• [TASK GOAL]
Give an exact reproduction of the lines from the one with "Snapshot of shasha_bloom" to the final line of the entries below, both ends included, and omit the pictures.

• [RECORDED INFORMATION]
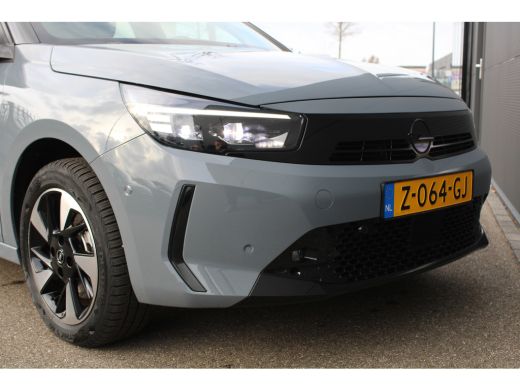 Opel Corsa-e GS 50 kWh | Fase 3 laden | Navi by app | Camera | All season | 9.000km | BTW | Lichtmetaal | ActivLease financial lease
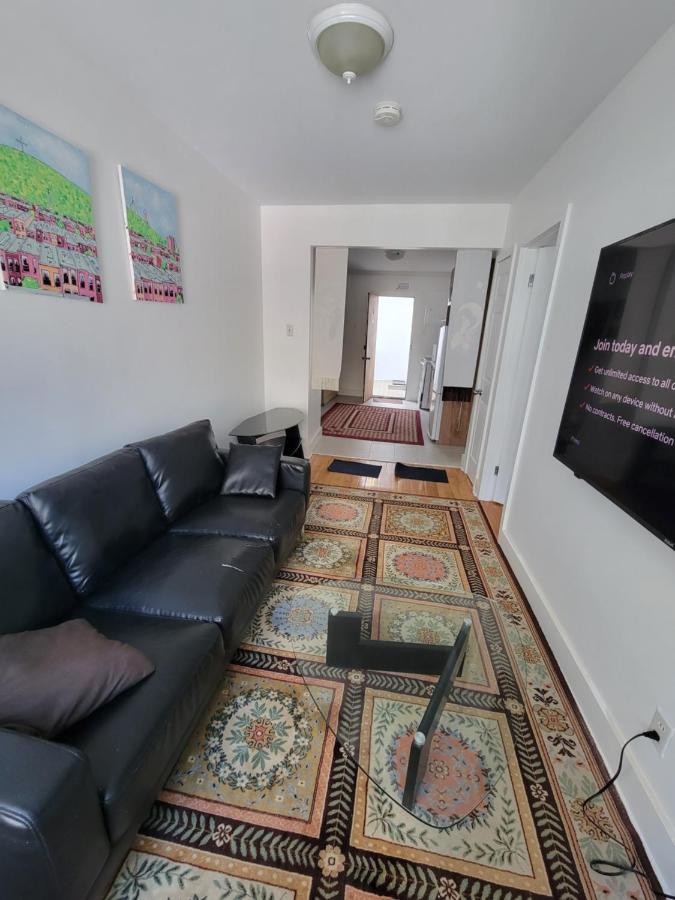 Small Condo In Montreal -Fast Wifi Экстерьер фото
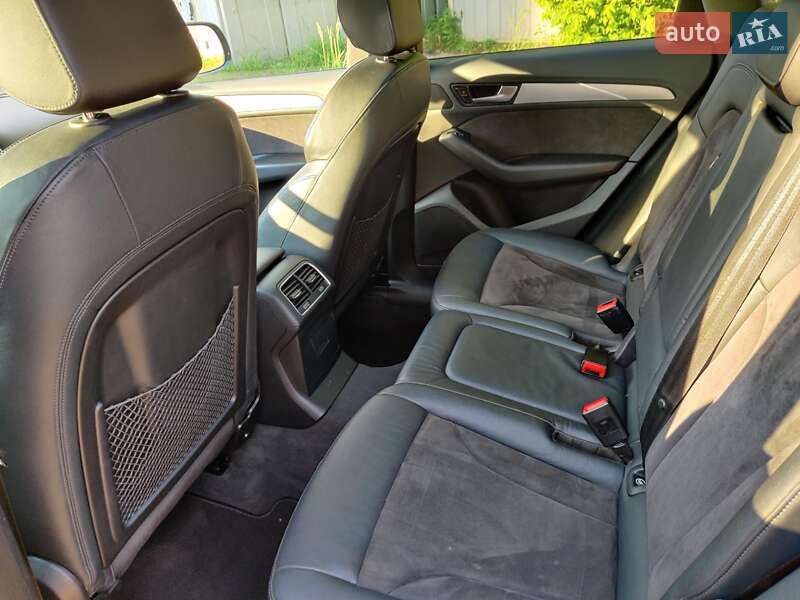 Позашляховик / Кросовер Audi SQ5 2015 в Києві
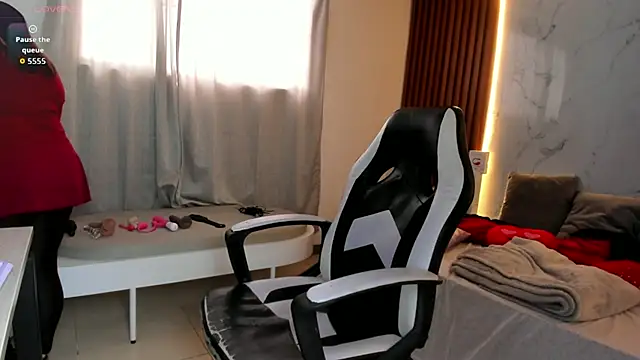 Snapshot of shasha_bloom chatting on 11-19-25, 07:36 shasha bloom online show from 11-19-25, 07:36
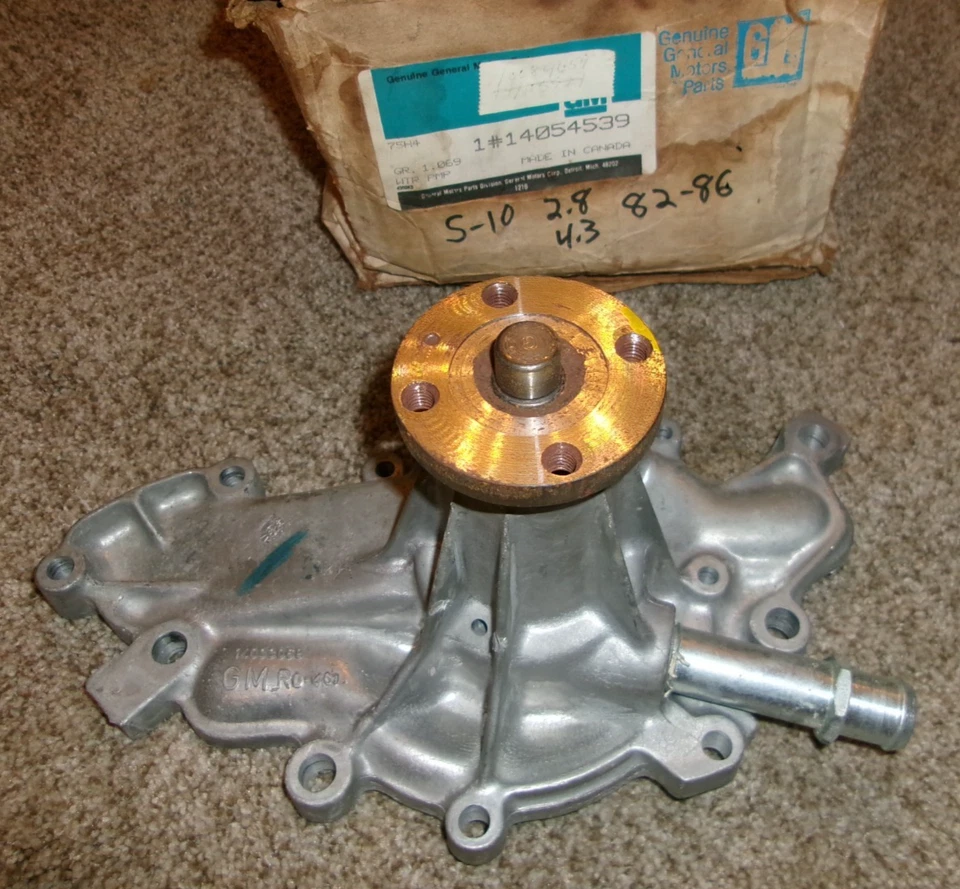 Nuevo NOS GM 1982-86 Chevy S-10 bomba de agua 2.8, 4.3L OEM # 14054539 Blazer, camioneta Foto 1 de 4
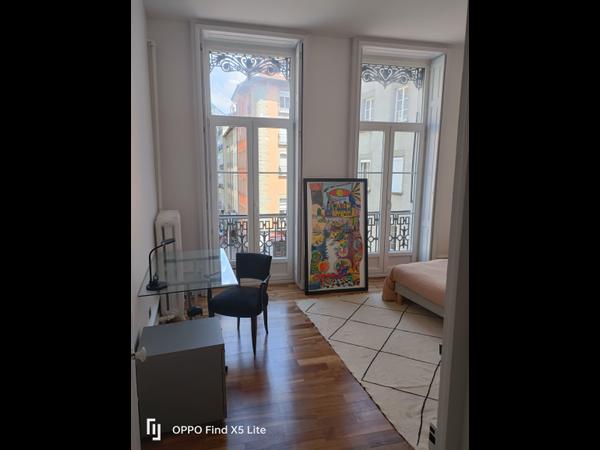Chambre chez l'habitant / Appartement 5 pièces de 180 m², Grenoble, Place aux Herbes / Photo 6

• [OUTPUT FOR THIS TASK]
 Snapshot of shasha_bloom chatting on 11-19-25, 07:36 shasha bloom online show from 11-19-25, 07:36
 Nuevo NOS GM 1982-86 Chevy S-10 bomba de agua 2.8, 4.3L OEM # 14054539 Blazer, camioneta Foto 1 de 4
Chambre chez l'habitant / Appartement 5 pièces de 180 m², Grenoble, Place aux Herbes / Photo 6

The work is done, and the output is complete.